▸ REQUIREMENT: Copy out each line of the entries below in which the string "гараж" appears.

Caption-style text data:
:::::
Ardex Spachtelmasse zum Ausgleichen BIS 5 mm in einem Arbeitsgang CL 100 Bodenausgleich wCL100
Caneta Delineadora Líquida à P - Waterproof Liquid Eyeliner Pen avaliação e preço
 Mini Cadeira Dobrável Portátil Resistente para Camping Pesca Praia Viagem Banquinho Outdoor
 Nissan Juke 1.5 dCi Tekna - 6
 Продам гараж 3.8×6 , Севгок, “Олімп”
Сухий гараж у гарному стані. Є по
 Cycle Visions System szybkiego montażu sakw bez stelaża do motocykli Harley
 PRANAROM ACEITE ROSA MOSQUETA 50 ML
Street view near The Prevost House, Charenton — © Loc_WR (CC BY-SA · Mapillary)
:::::
▸ SOLUTION TO THE EXERCISE:
 Продам гараж 3.8×6 , Севгок, “Олімп”
Сухий гараж у гарному стані. Є по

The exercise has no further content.